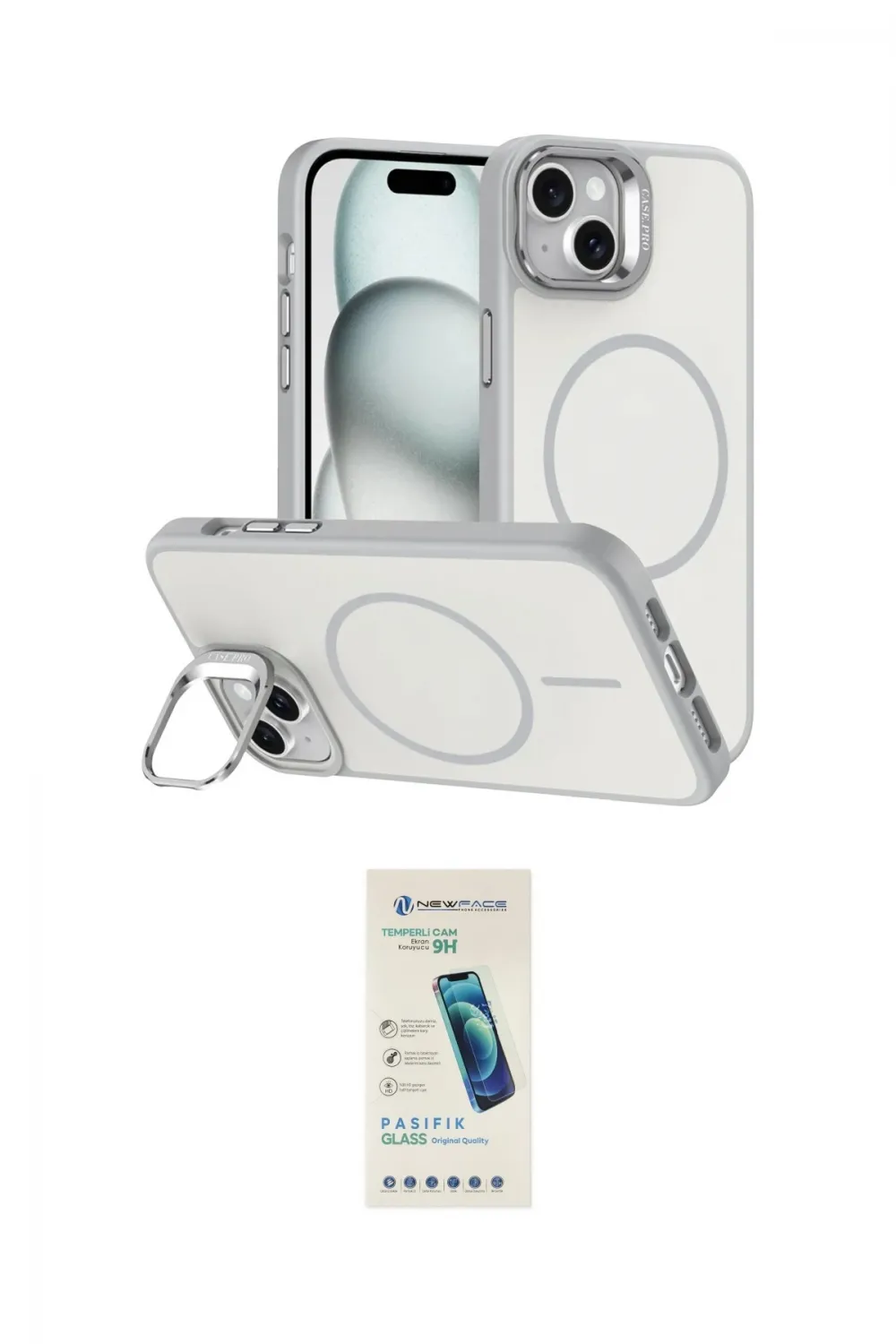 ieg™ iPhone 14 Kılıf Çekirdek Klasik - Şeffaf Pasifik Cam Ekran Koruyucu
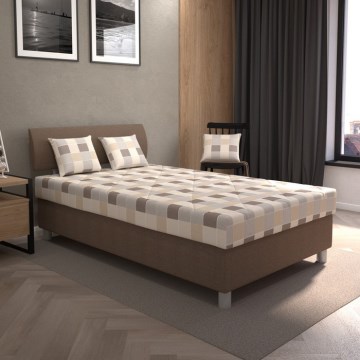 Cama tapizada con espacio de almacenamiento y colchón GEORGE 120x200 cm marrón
==
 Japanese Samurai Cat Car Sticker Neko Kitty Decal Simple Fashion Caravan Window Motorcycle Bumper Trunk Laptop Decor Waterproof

_What you need to do_. Only the lines starting at the one that includes "ieg™ iPhone 14" and ending at the one that includes "Cama tapizada con" should be retyped, exactly, from the records above; no pictures.

_Result_.
 ieg™ iPhone 14 Kılıf Çekirdek Klasik - Şeffaf Pasifik Cam Ekran Koruyucu
 Cama tapizada con espacio de almacenamiento y colchón GEORGE 120x200 cm marrón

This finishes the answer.